Directions for this task
Pictures in the listing should not be copied. Reproduce, word for word, each line from the one holding "Honda Pilot 2015–2022" through the final line.
━━━━━ Supplied data
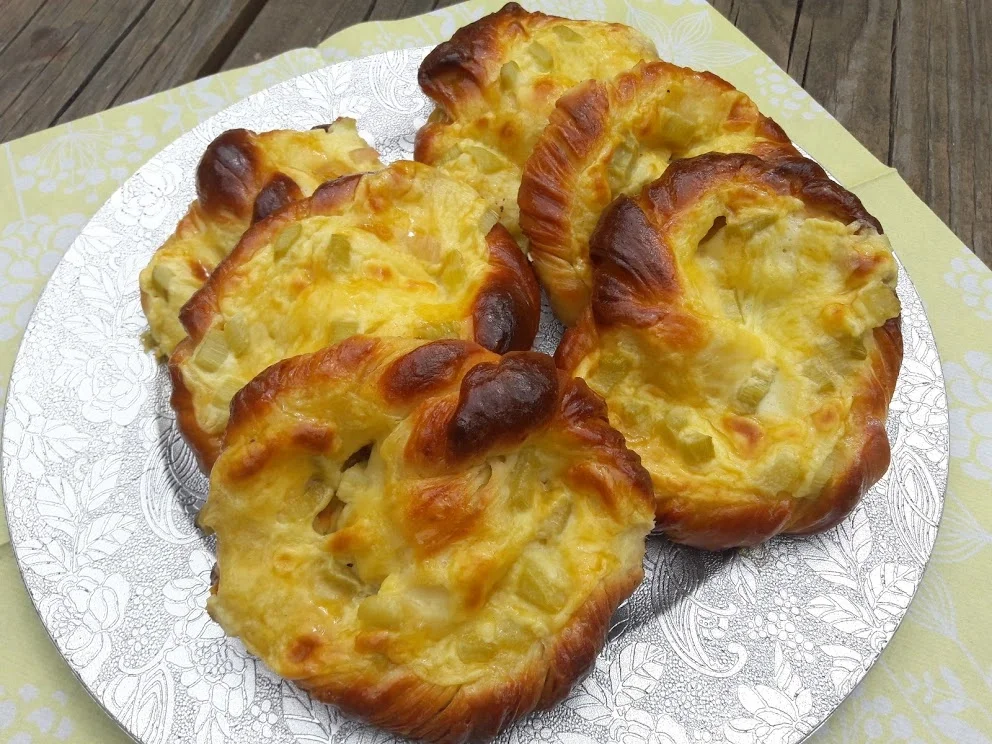 Mit Rhabarber gefüllte Puddingbrezeln - Rezept - Bild Nr. 28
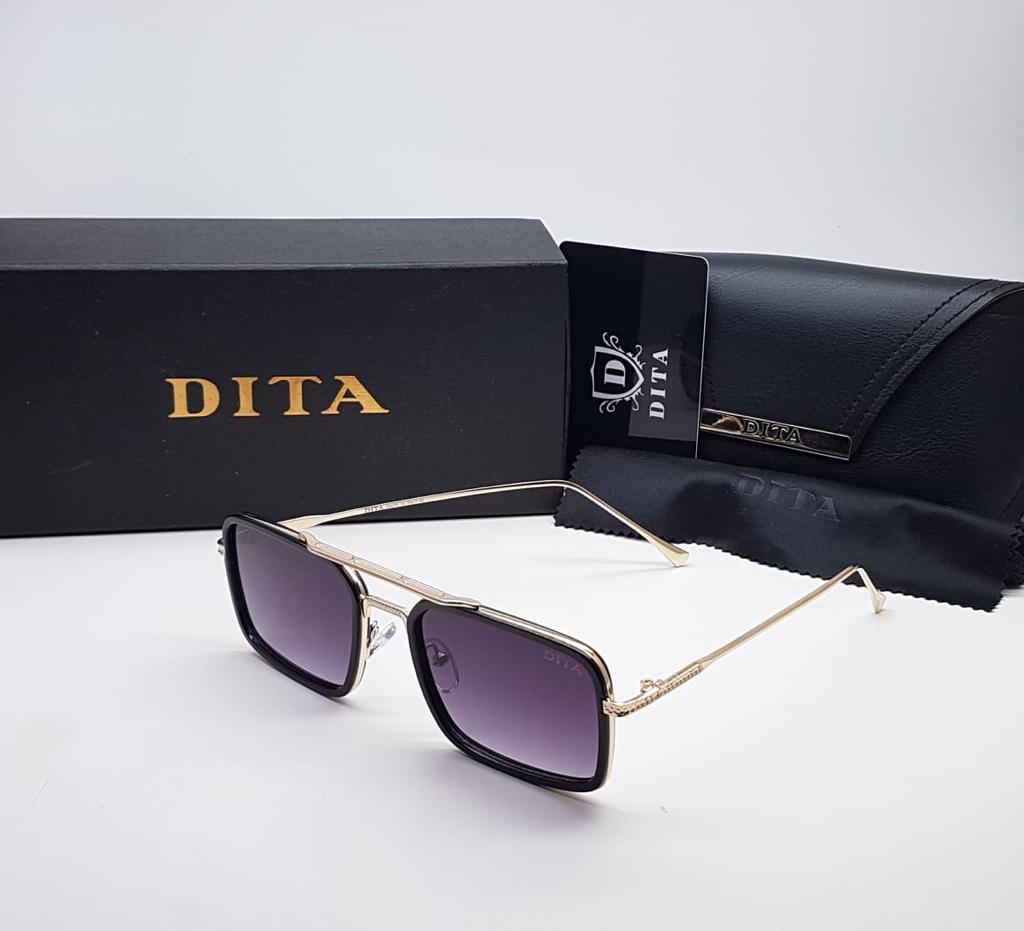 Violet color Golden Frame Glass Man's Women's Sunglass Dt-239 Silver & Black Stick Gift Sunglass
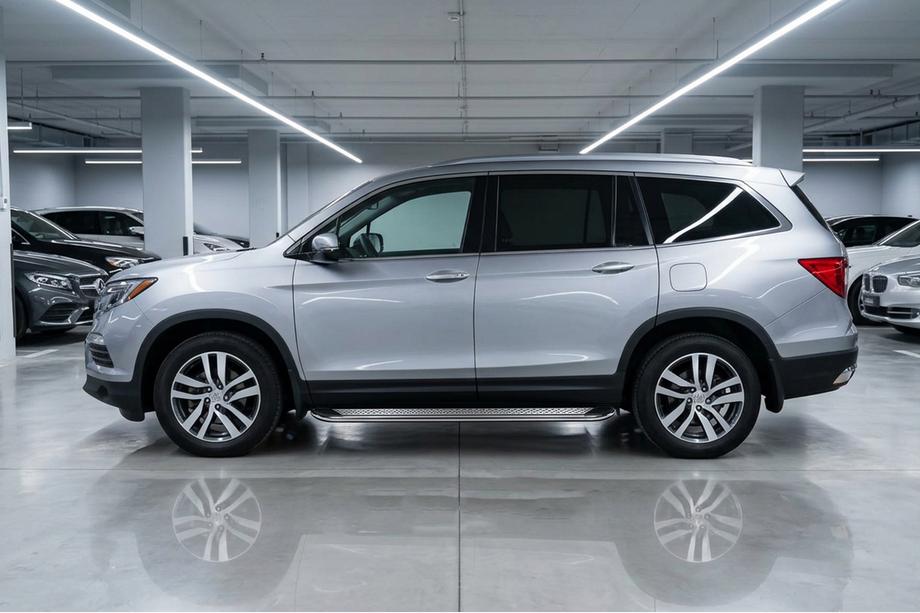 Honda Pilot 2015–2022 Bočné prahy Maydos V2 (2 ks, hliník / nehrdzavejúca oceľ) Image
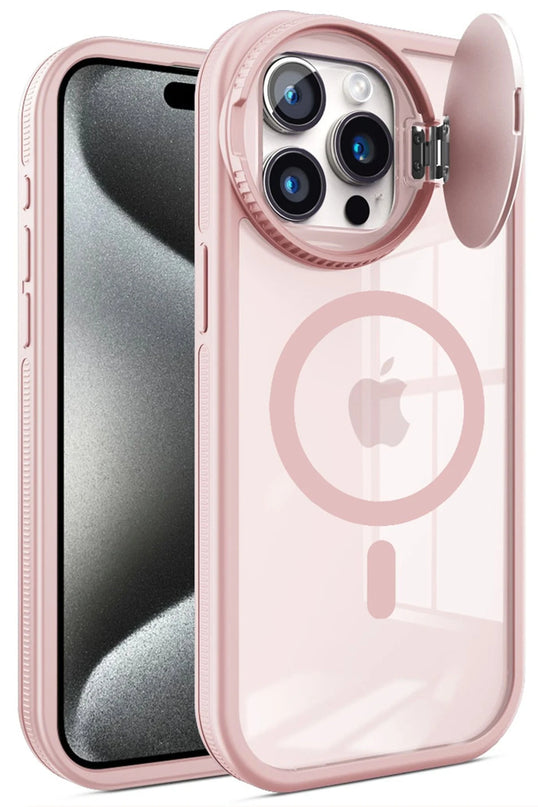 iPhone 14 Pro Max Teleskop Lens Magsafe Silikon Kapak Kılıf - Pembe 2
━━━━━━━━━━
Result of this task
 Honda Pilot 2015–2022 Bočné prahy Maydos V2 (2 ks, hliník / nehrdzavejúca oceľ) Image
 iPhone 14 Pro Max Teleskop Lens Magsafe Silikon Kapak Kılıf - Pembe 2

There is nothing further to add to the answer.